GOAL OF THE EXERCISE:
Please return, word for word, the line containing "Gesetzblatt (GBl.) der" and each line after it through the end of the data below, and nothing else.

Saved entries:

*** Block opens ***

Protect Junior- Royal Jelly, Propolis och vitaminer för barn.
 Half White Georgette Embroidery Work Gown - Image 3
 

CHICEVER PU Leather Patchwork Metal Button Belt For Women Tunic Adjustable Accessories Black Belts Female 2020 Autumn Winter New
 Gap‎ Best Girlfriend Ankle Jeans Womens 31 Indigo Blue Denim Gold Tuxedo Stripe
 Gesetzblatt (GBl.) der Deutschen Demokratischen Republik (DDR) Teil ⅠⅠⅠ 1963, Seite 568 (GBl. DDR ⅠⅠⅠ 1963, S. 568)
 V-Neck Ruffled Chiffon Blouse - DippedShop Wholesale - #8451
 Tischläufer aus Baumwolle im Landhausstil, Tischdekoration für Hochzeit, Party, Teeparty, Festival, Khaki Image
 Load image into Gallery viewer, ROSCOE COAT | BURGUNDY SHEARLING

*** Block closes ***

WRITTEN RESPONSE:
 Gesetzblatt (GBl.) der Deutschen Demokratischen Republik (DDR) Teil ⅠⅠⅠ 1963, Seite 568 (GBl. DDR ⅠⅠⅠ 1963, S. 568)
 V-Neck Ruffled Chiffon Blouse - DippedShop Wholesale - #8451
 Tischläufer aus Baumwolle im Landhausstil, Tischdekoration für Hochzeit, Party, Teeparty, Festival, Khaki Image
 Load image into Gallery viewer, ROSCOE COAT | BURGUNDY SHEARLING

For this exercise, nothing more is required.